VALÈNCIA. Una de tantas instituciones que se fingen preocupadas porque la gente lee poco ha publicado una de tantas encuestas que intentan explicar el fenómeno. Una encuesta sorprendente, genial, novedosa, que investiga el abandono de la lectura utilizando por vez primera el procedimiento de preguntar a los ciudadanos por qué no leen. Y los ciudadanos, abordados tan de improviso, responden lo mismo que usted y cualquiera de los que asistimos a la función desde la cazuela responderíamos: que no leen porque no tienen tiempo. Ha sido la excusa mayoritaria, el embuste más utilizado, el pretexto que han hallado más a mano quienes, encañonados por un micrófono e interrogados acerca de algo que no les interesa lo más mínimo, han intuido en la naturaleza de la pregunta cierto riesgo de hacer el ridículo. El sopetón, la encerrona y la mala conciencia les han jugado una mala pasada; les han devuelto a la infancia; les han obligado a segregar aquella mentira sencilla, noble, temerosa e inocente de los niños. Que no leen porque no tienen tiempo, dicen, mientras tardean de cuatro a ocho.
Que la falta de tiempo les impide leer, aseguran, mientras pechan el sudor que acordaron con su vanidad y los ahogos que apalabraron con su crisis cuarentona.
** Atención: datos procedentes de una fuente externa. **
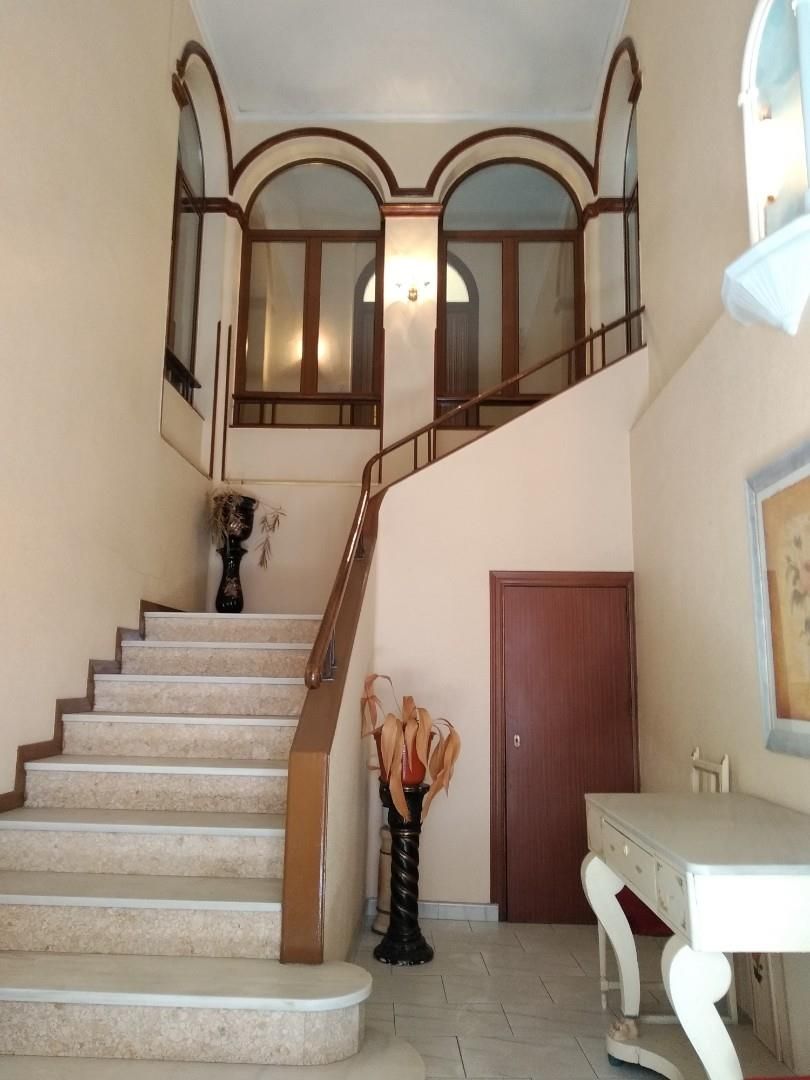 House or chalet for sale in Valdepeñas  with Air Conditioner, Terrace and Swimming Pool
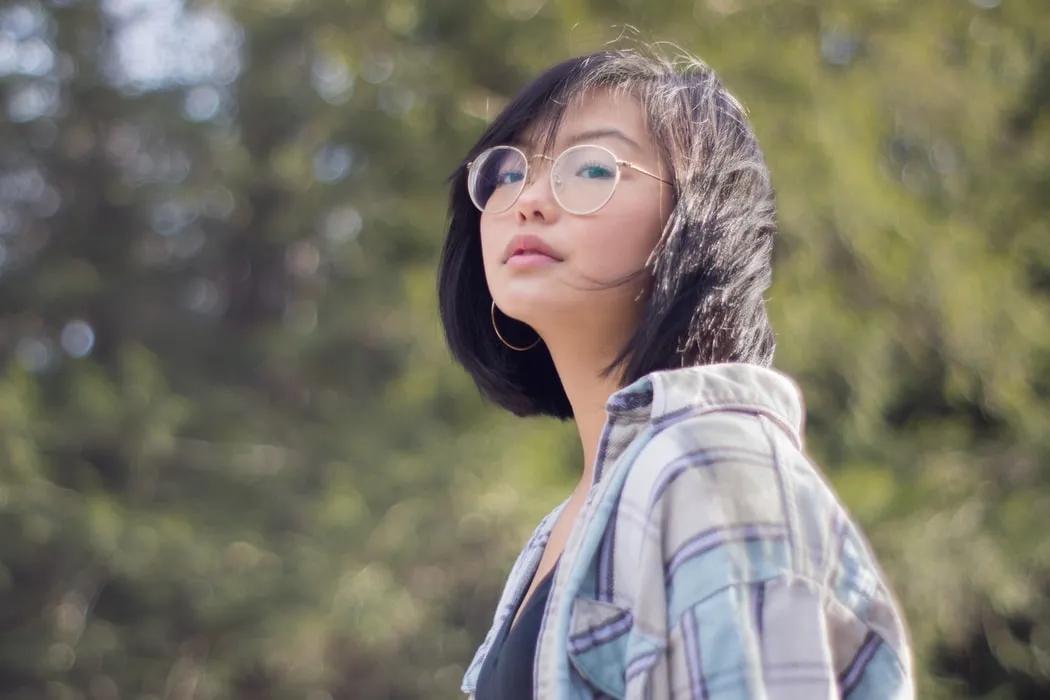 外見が良くても…「非モテ女子」あるある4選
Que no pueden sentarse a leer, susurran, mientras pierden el fin de semana en lo mismo que lo perdieron siete días antes. Que no tienen tiempo, chillan, con los ojos desorbitados y probándose ropa que no necesitan. Que les falta tiempo, vociferan huidizos, y rúan desesperados en busca de no se sabe qué. No les queda tiempo, en efecto; ni un segundo para leer: lo han gastado todo viendo películas —el último informe de rutinas televisivas arroja una media de tres horas diarias por cabeza—, comiendo pipas, tostándose al sol, trasegando cerveza y cumpliendo el deber ineludible, la enorme tarea, el trabajo extenuante de gestionar whatsapps. El público ha confundido, una vez más, a los encuestadores; ha soltado la patraña de la falta de tiempo y le han creído, aunque no en el sentido correcto: la verdadera situación es que tiene mucho tiempo libre pero prefiere invertirlo en otras cosas; que la lectura ya no es una prioridad, y a la hora del asueto lo último que viene al pensamiento es apoltronarse a leer.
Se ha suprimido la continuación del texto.